Jaffe and his team have been monitoring ozone levels over the US since 2004, and happened to noticed a bizarre spike in 2015. They wondered if the crazy events linked to the blob that year could also have been driving this massive boost in ozone.
"At first we were like 'Whoa, maybe we made a mistake.' We looked at our sensors to see if we made an error in the calibration. But we couldn't find any mistakes," Jaffe says in a press statement.
"Then I looked at other ozone data from around the Pacific Northwest, and everybody was high that year."
To see if there was a connection, the team mapped the lifespan of the blob in unprecedented detail, using multiple satellites positioned all over the globe to track temperature fluctuations on the Pacific Ocean's surface between 2014 and 2016.
They then went back and compared the events to sea-surface temperature records dating back to 1910, and what they found was unlike any natural phenomenon ever seen in recorded history.
"This phenomenon is something new," one of the team, Chelle Gentemann from Earth and Space Research in Seattle, told National Geographic.
"From that entire record, this event is unprecedented in magnitude and duration. There's just nothing like it in our historical record."
They found that the effects of the blob on land - warmer temperatures, low cloud cover, and calmer air - actually combined to produce extra ozone, and by June 2015, this had pushed ozone levels to between 3 and 13 parts per billion higher than average over the northwestern US.
Certain areas with already high ozone levels, such as Salt Lake City and Sacramento, saw their ozone pushed above federally allowed limits.
"Washington and Oregon was really the bullseye for the whole thing, because of the location of the winds," Jaffe explains.
"Salt Lake City and Sacramento were on the edge of this event, but because their ozone is typically higher, those cities felt some of the more acute effects."
So how does something in the ocean affect our ozone levels?
Under normal conditions, winds along the West Coast run along the surface of the ocean, and push the top layer away from the coast.

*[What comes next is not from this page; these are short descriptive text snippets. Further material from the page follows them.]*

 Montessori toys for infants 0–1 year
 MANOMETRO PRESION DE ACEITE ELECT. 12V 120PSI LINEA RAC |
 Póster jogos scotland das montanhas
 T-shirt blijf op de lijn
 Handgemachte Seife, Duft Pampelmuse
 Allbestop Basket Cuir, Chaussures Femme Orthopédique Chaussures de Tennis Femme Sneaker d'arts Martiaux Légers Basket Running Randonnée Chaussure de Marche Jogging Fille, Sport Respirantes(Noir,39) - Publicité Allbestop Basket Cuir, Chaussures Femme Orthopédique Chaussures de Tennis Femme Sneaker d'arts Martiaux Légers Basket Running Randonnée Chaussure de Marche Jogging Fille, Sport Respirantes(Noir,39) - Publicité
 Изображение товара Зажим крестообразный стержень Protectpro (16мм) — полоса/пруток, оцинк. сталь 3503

This allows the colder water below to take its place, bringing vital nutrients with it, and balancing out the temperature.

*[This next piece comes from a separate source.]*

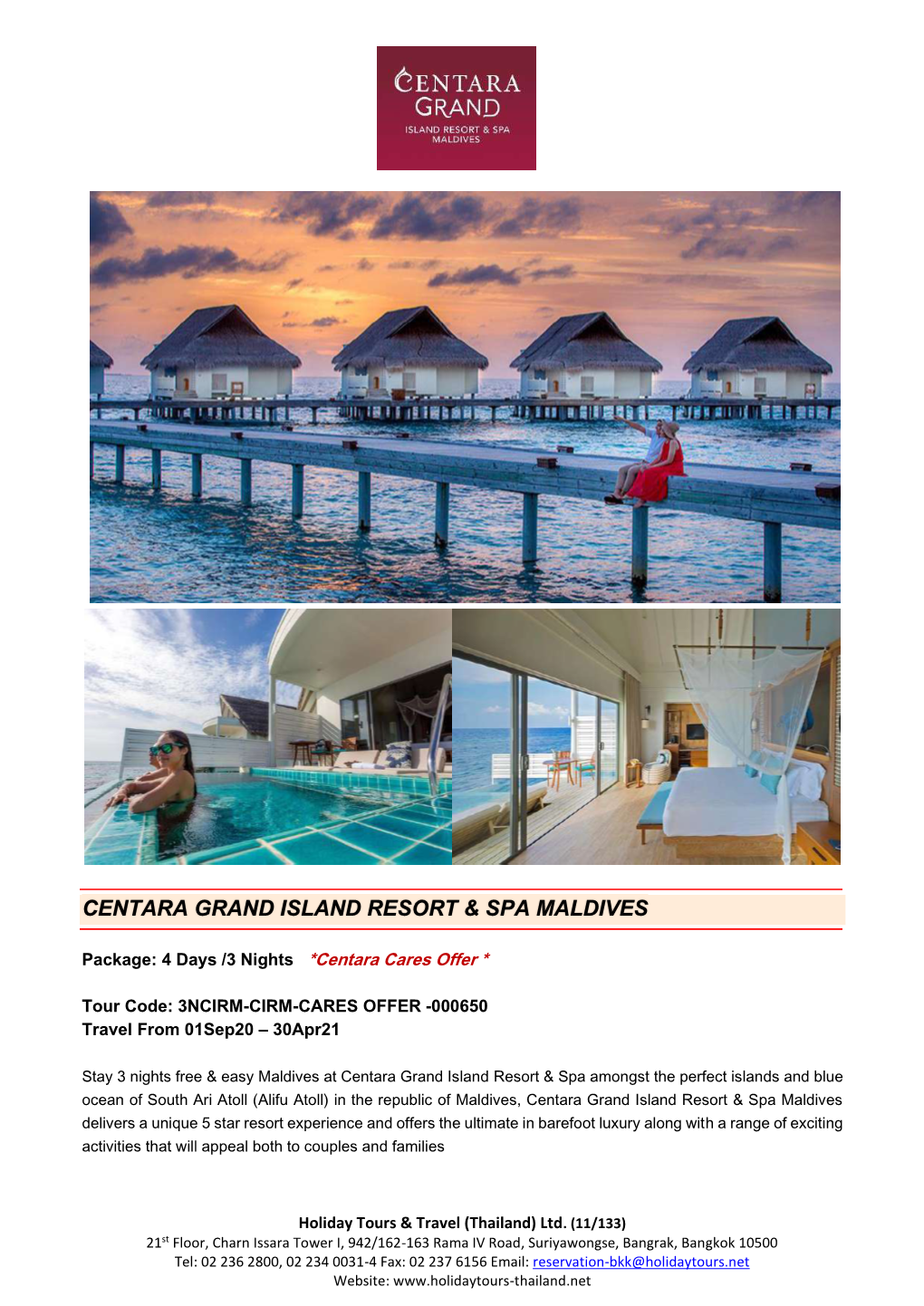 Centara Grand Island Resort & Spa Maldives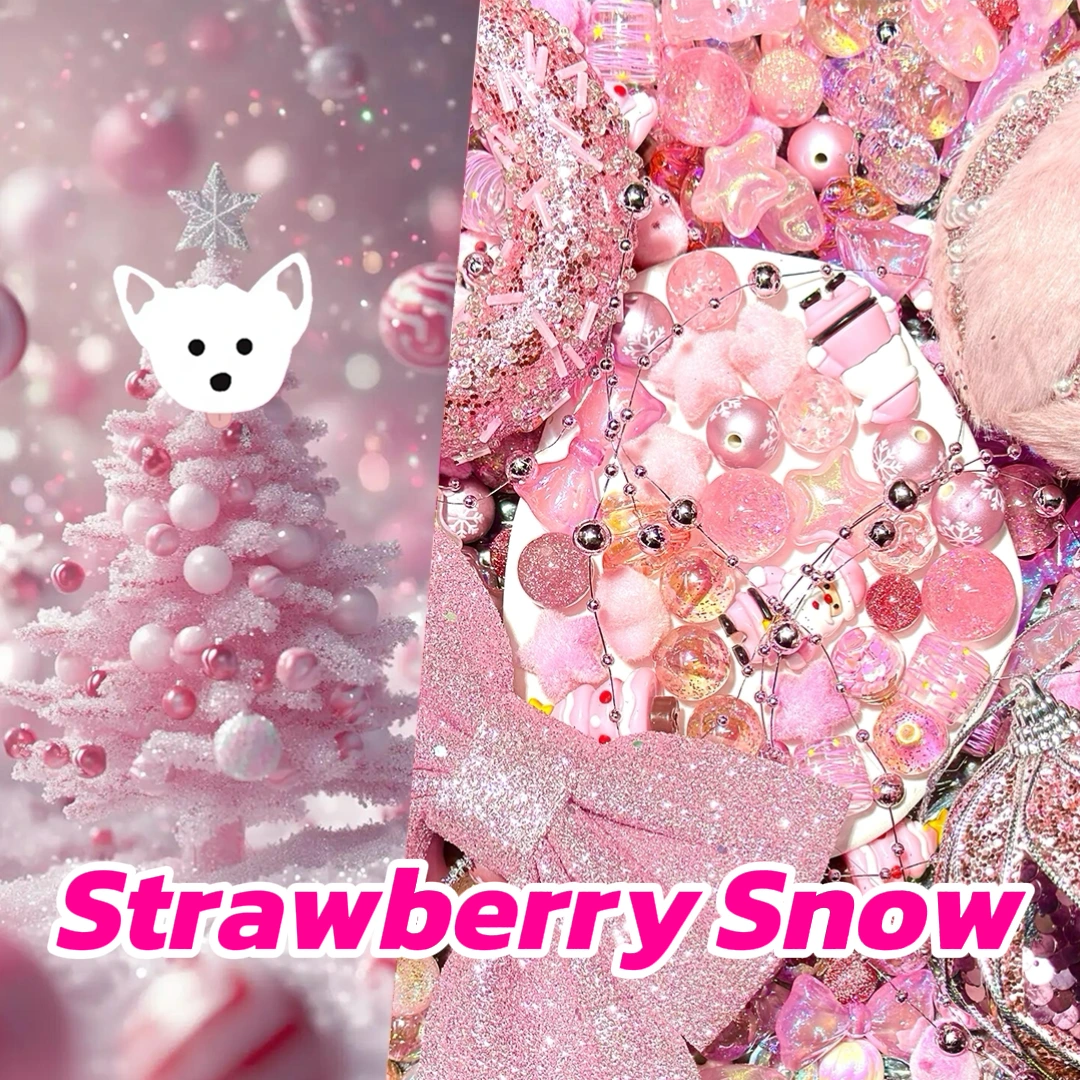 【New Arrival+1 Scoop】【Master】Strawberry Snow for Phone Chain/Car Hanging - Open in live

But the team found that during the blob's peak, the increased temperatures on the surface of the ocean had caused the air above heat up and stagnate. This weakened the coastal winds so much, they were no longer able to push the warm top layer of the Pacific away from the shoreline.
And with no upwelling of cool water, the high temperatures remained, and together with a lack of clouds, this allowed the chemical reaction that produces ozone - solar ultraviolet radiation (sunlight) breaking down oxygen molecules - to kick things up a notch.
"Temperatures were high, and it was much less cloudy than normal, both of which trigger ozone production," says Jaffe.
"And because of that high-pressure system off the coast, the winds were much lower than normal. Winds blow pollution away, but when they don't blow, you get stagnation and the pollution is higher."
While the ozone spike was only temporary, the team says we should take this as a warning for the future - researchers already knew there was a connection between higher atmospheric temperatures and ozone production, but now we know that sea-surface temperatures can affect it too.
And with ozone pollution known to cause serious respiratory dysfunction, including aggravating pneumonia, asthma, and bronchitis, we'd better be prepared for when something like the blob rears its head once more.
The research has been published in Geophysical Research Letters.